Vio la oportunidad de un taxi, que sube a varias personas; preguntó la tarifa, 40.00 pesos; no le alcanzó el dinero, y siguió esperando.


Otra joven tenía que ir por los rumbos del ISSSTE a sus labores domésticas; en el Periférico esperaba el camión, que no llegó, y no pudo ir a trabajar.


“Ya ni la chingan los urbanos; nos friegan los maestros, nos friegan los camioneros, no sabemos dónde vamos a parar”, masculla.



 

"No es de Dios"


Un hombre que provenía de San Pedro Pochutla, descendió también por central camionera y esperó paciente un camión urbano, pero fue en vano.

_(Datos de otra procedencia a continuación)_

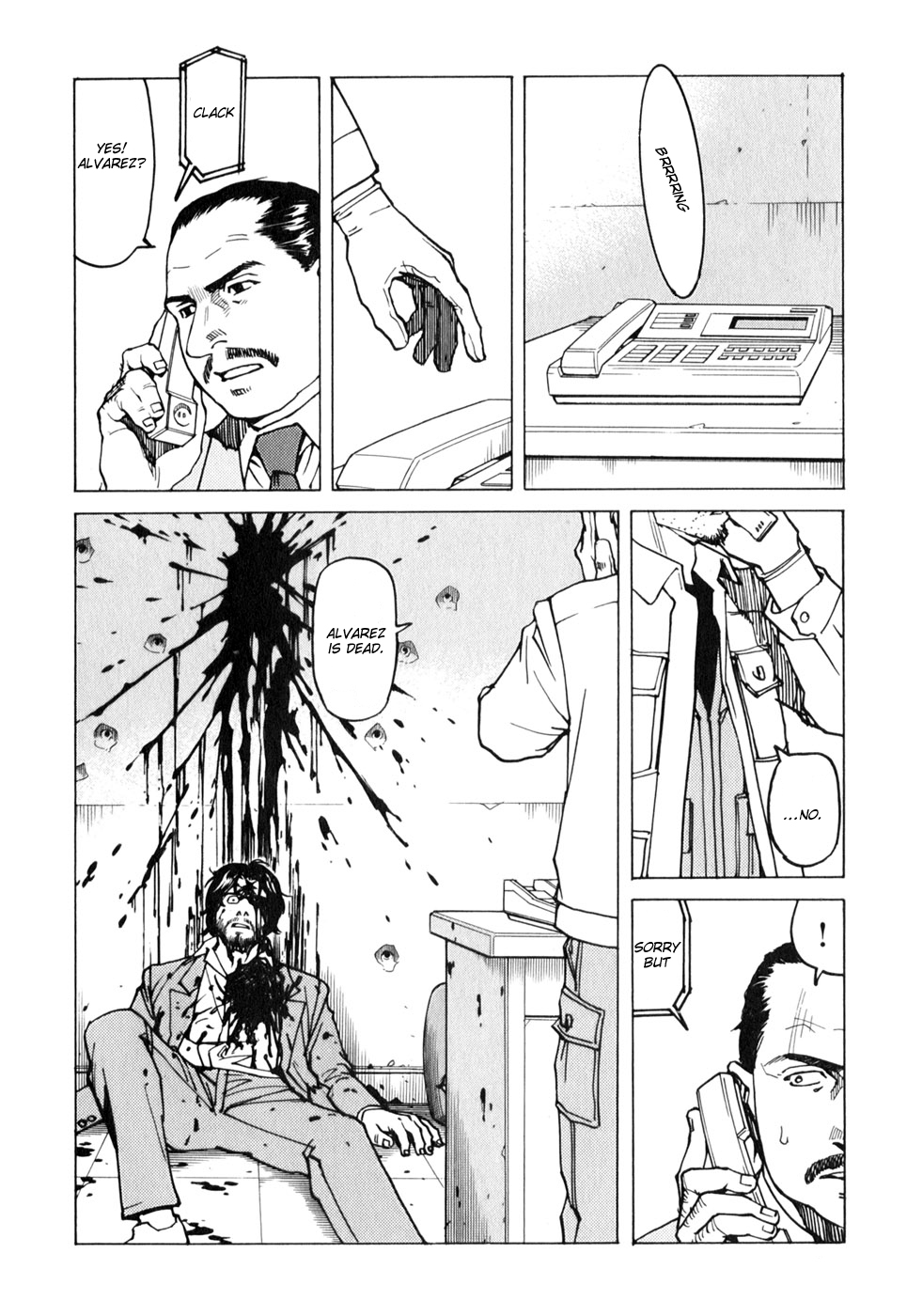 Halaman dari Eden: It's an Endless World! Chapter 115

Maleta en mano, el canoso individuo no lucía impaciente pero sí molesto. “Esto sin duda no es de Dios; el hombre mismo ha cavado su tumba, al pelear contra sí mismo ha traído estas consecuencias. Tienen culpa el magisterio como los gobernantes, pero Dios los va a juzgar”, dice.
Explica que llegó por la mañana y pretendía trasladarse al reclusorio ubicado en Santa María Ixcotel, donde acudiría como parte de una comunidad religiosa a brindar unas pláticas.


“No sé a dónde va a llegar esto; entre todos estamos peleando, entre todos los estamos acabando y no vemos fin a los conflictos; es lamentable que Oaxaca se encuentre en esta situación”, agrega.


 


Eterna espera


Dos mujeres más, una de ellas proveniente de Santiago Suchilquitongo, Etla, esperan en la parada cerca del Periférico y la Central de Abasto. Ambas de la tercera edad, aguardan un camión que las traslade a San Felipe del Agua.


Sin embargo, los minutos y las horas pasan, y no hay señales más que transporte particular, o los taxis de la ciudad.
“Nosotros no sabíamos; sabíamos que iba a haber un paro pero nunca supimos de qué, queremos ir a San Felipe pero no sabemos cómo; los taxis son muy caros”, dice doña Victoria.


“Ya esto es un relajo, ya se volvieron locos los maestros, igual el gobierno porque no pone un hasta aquí”, remarcan, mientras se quedan esperando su transporte.



 


$12.00
Dejada en la capital en vehículo particular


$40.00
Cobro mínimo de taxis en la capital


$70.00-$80.00
Cobraron algunos taxis por dejada


24 horas
El paro de labores, que incluye transporte público


TRANSPORTE, SEMIPARALIZADO


Sólo taxis colectivos y camiones suburbanos prestaron servicios.